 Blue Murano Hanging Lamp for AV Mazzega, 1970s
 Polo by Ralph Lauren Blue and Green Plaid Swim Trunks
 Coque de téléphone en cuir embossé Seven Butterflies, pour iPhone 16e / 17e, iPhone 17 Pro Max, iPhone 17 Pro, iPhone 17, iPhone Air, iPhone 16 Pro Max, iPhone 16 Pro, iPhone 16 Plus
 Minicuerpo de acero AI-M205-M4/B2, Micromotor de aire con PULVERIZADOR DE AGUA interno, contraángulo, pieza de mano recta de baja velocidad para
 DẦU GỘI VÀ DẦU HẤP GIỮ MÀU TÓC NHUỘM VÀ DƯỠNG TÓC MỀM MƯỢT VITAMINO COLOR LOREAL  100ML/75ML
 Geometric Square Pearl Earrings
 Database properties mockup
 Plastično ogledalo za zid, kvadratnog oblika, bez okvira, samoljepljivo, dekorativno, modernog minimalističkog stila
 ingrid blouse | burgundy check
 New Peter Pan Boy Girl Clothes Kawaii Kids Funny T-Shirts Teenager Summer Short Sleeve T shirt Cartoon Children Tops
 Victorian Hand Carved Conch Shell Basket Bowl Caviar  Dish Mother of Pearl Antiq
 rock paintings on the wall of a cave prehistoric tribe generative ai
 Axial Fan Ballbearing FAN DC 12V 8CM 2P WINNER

=====

EXERCISE INSTRUCTIONS: Nothing but the lines from the one containing "Database properties mockup" through the end of the entries belongs in the answer; repeat them exactly.

OUTPUT:
 Database properties mockup
 Plastično ogledalo za zid, kvadratnog oblika, bez okvira, samoljepljivo, dekorativno, modernog minimalističkog stila
 ingrid blouse | burgundy check
 New Peter Pan Boy Girl Clothes Kawaii Kids Funny T-Shirts Teenager Summer Short Sleeve T shirt Cartoon Children Tops
 Victorian Hand Carved Conch Shell Basket Bowl Caviar  Dish Mother of Pearl Antiq
 rock paintings on the wall of a cave prehistoric tribe generative ai
 Axial Fan Ballbearing FAN DC 12V 8CM 2P WINNER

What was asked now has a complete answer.